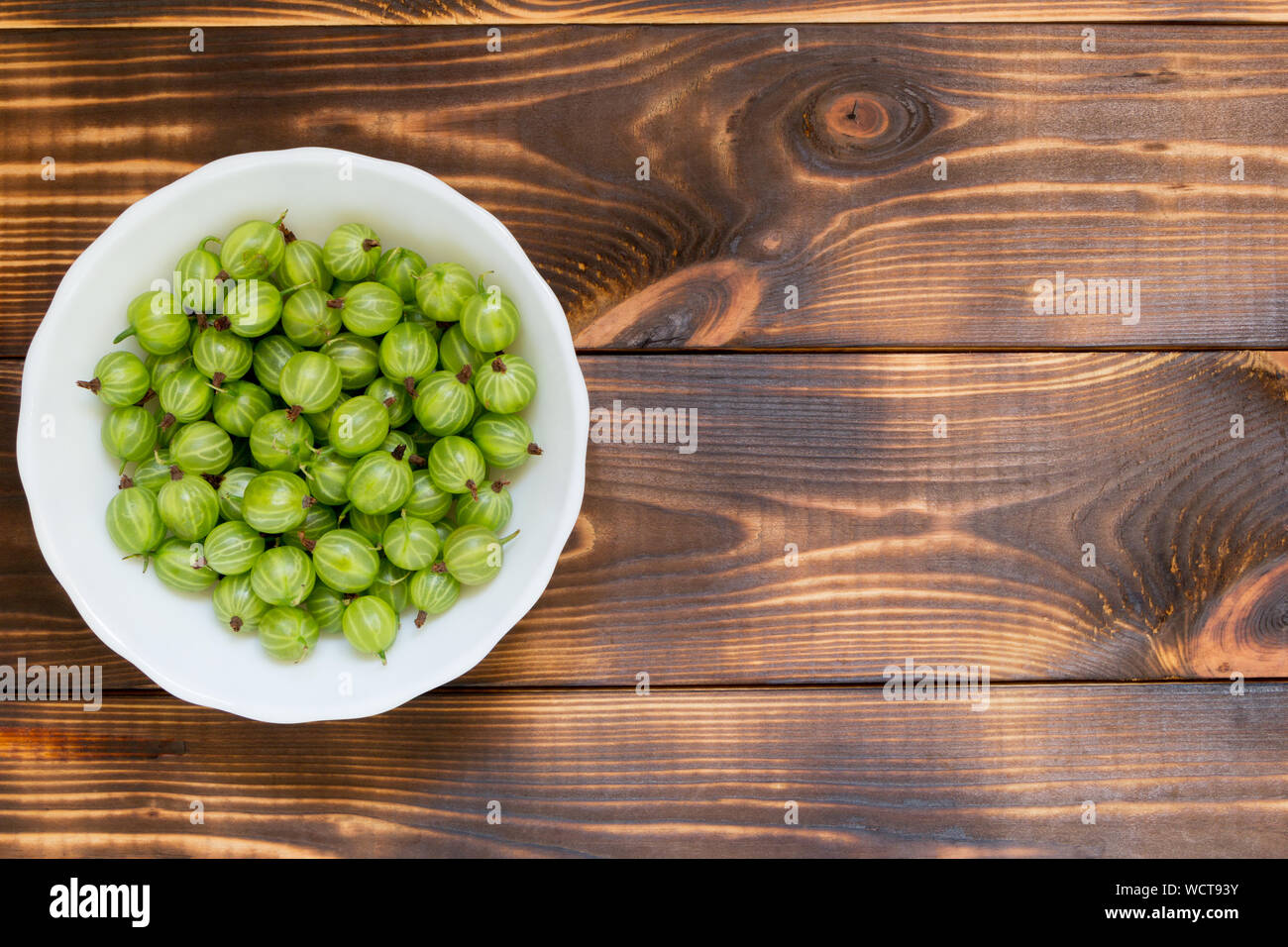 Green gooseberries on dark wooden table with copy space. Flat lay. Berries in white bowl at left side of image. Snack for raw diet. Natural homegrown Stock Photo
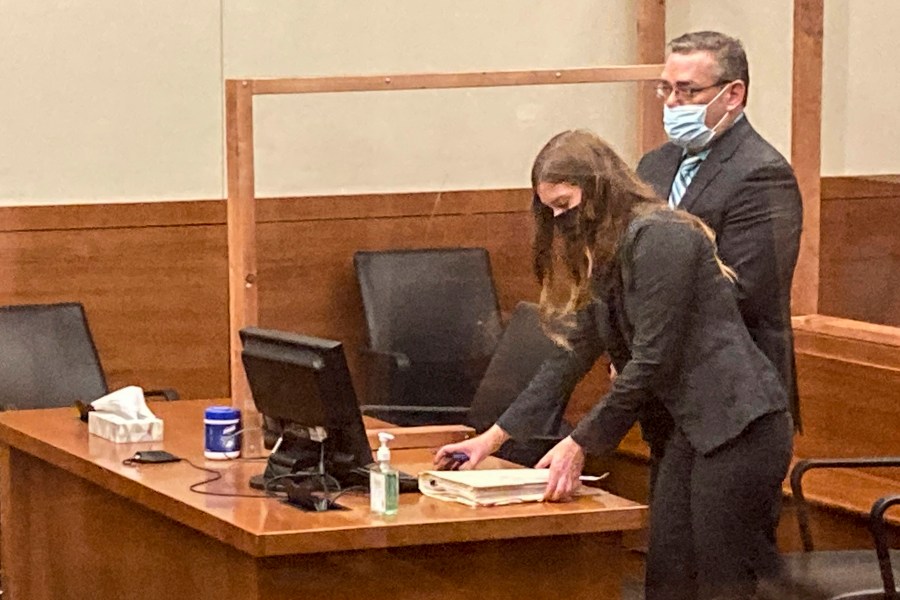 FILE - Former Ohio police officer Adam Coy stands during a Franklin County hearing as defense attorney Kaitlyn Stephens checks her notes, Oct. 4, 2021, in Columbus, Ohio. (AP Photo/Andrew Welsh-Huggins, File)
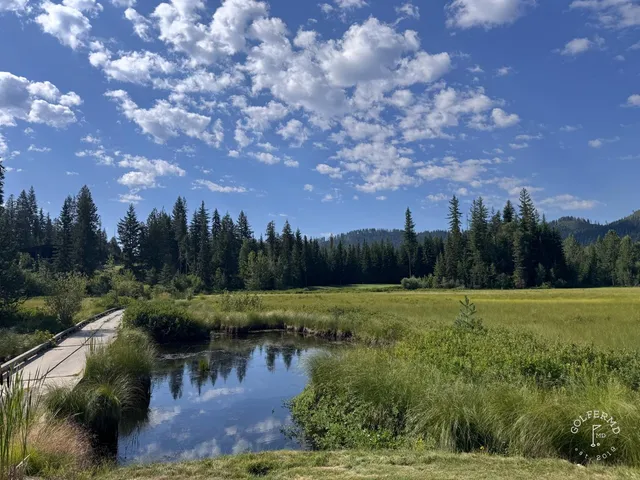 A close view of a flagstick at Priest Lake, with pines and the water behind the green.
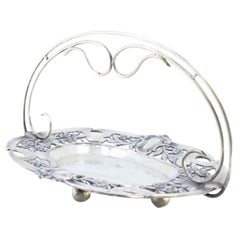 Silver candy box w/ cut-out florals, monogram
4 ball feet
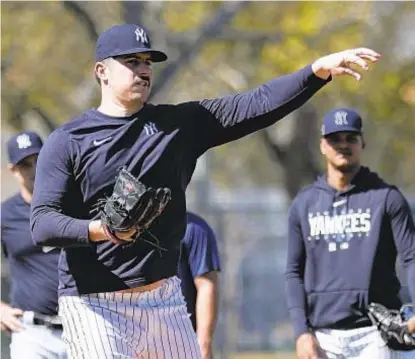  ?? AP ?? Yanks hope to have Carlos Rodon back sometime in April after new lefty suffers mild forearm strain.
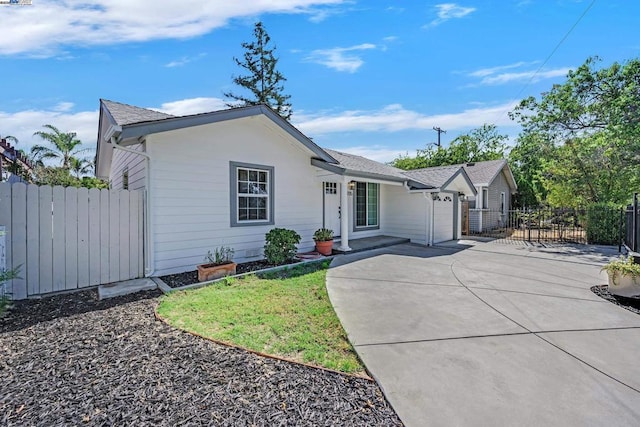 ranch-style home featuring a garage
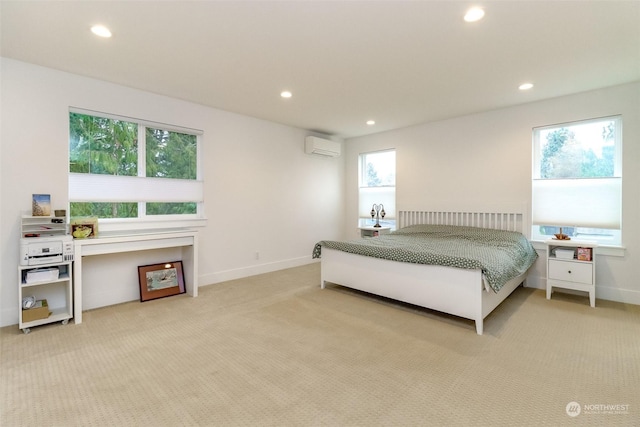 bedroom with an AC wall unit and light carpet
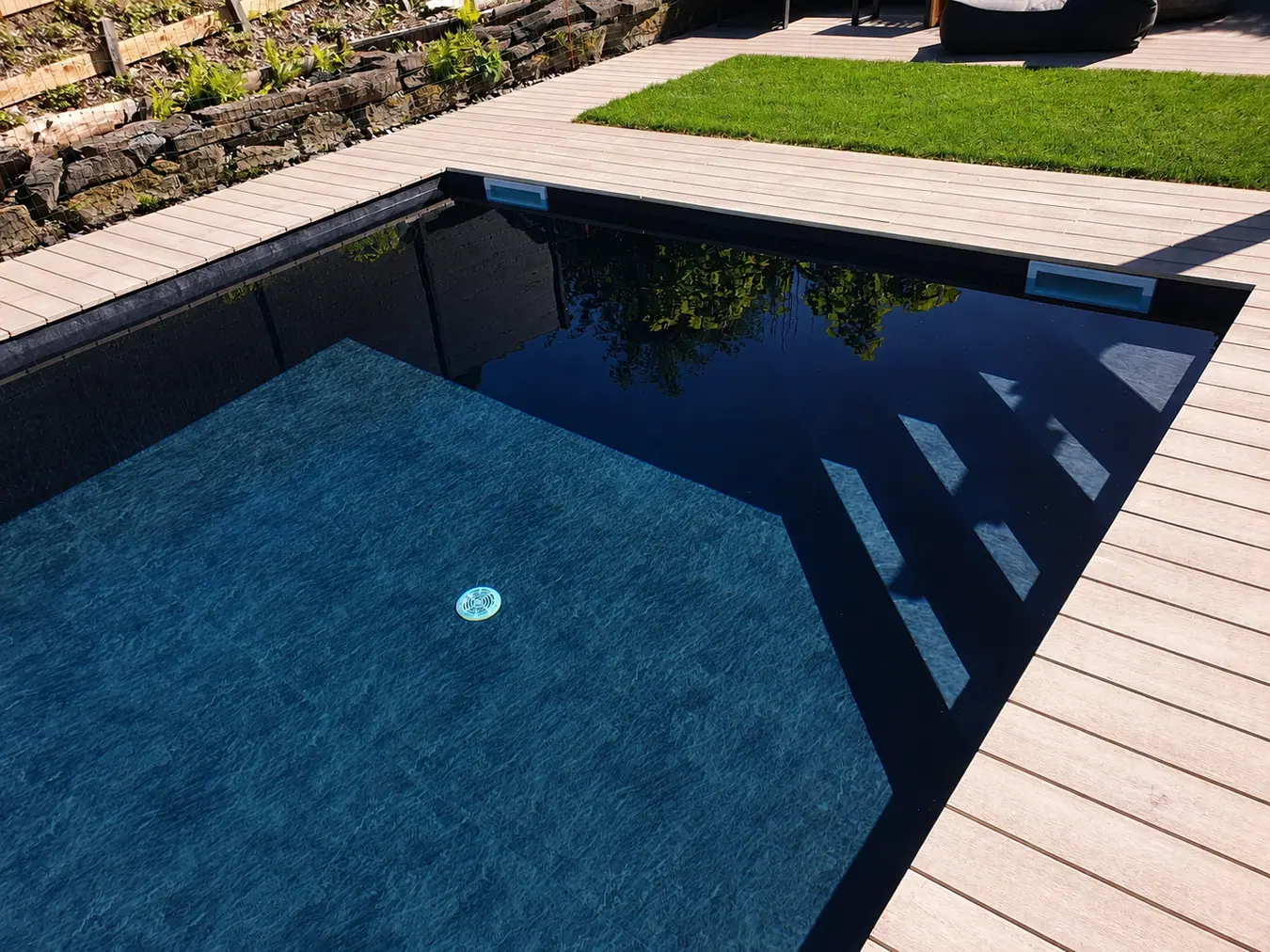 Dunkler Pool mit Holzdeck – Pool Service Stritt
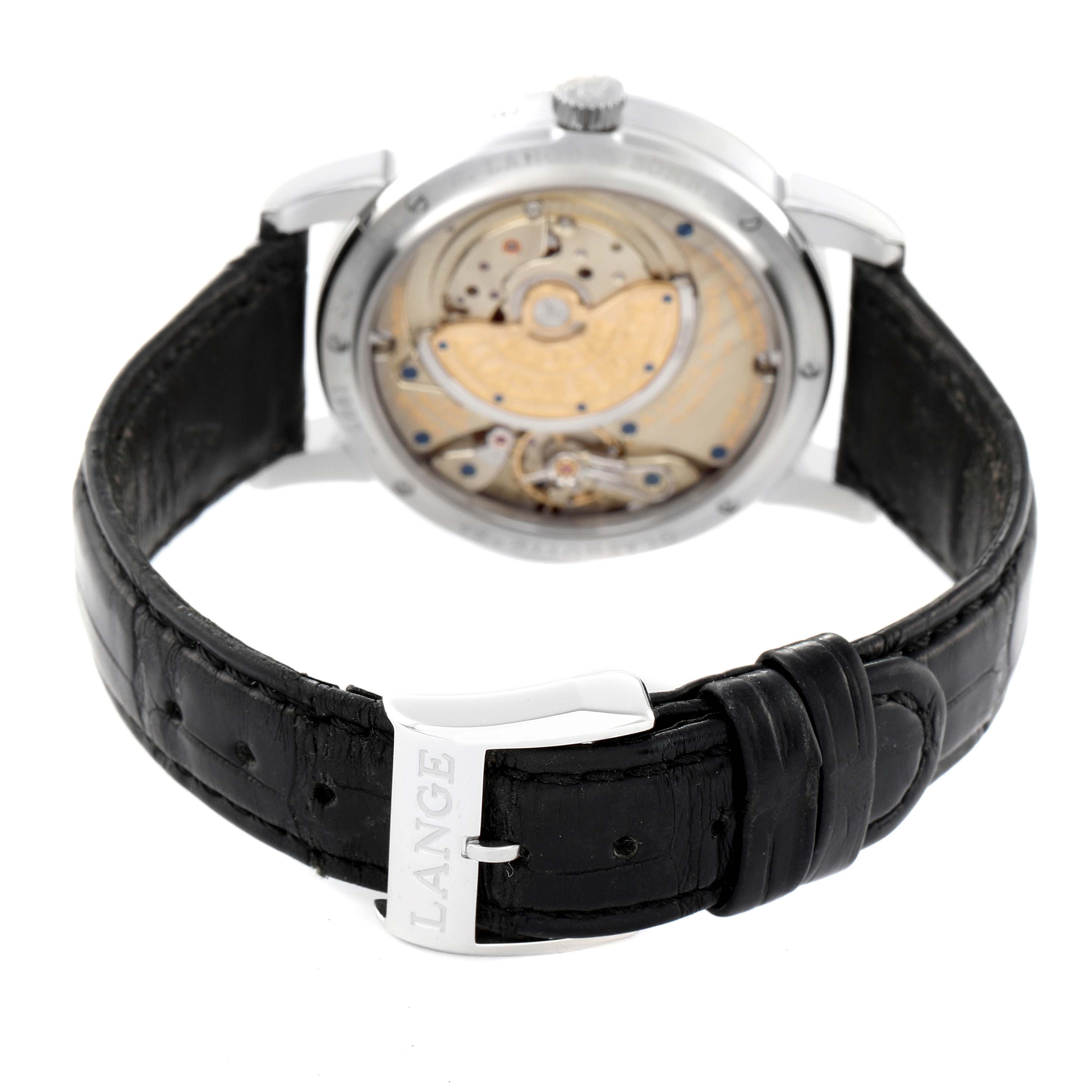 The image shows the back view of the Saxonia watch by A. Lange & Sohne, highlighting the movement and leather strap with "LANGE" on the buckle.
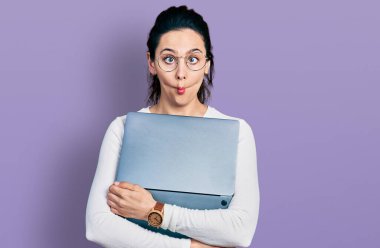 Bilgisayar laptopu kullanan genç İspanyol kadın balık suratlı ve şaşı gözlü, çılgın ve komik.. 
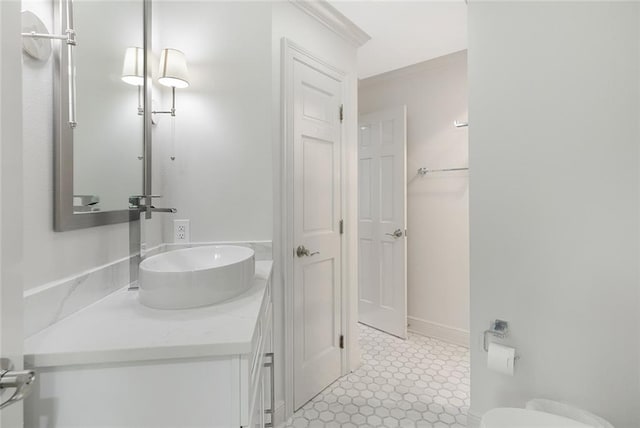 bathroom featuring tile flooring, vanity, and toilet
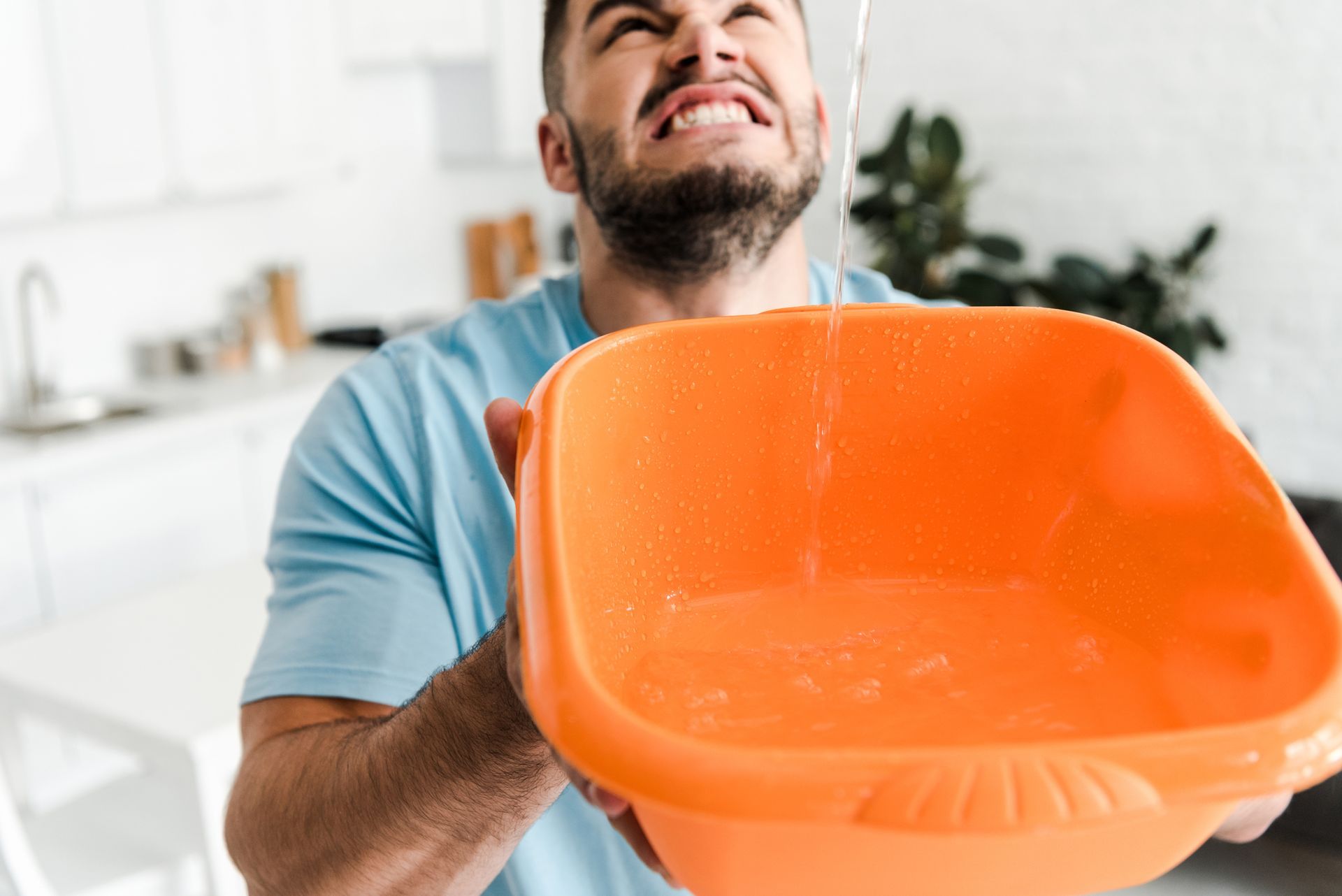 A man is holding a bowl of water with water coming out of it.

________

#### [The task]
Only the lines from the one containing "bathroom featuring tile" through the end of the listing above should be reproduced, exactly as they stand. Leave the pictures out.

#### [Response area]
 bathroom featuring tile flooring, vanity, and toilet
 A man is holding a bowl of water with water coming out of it.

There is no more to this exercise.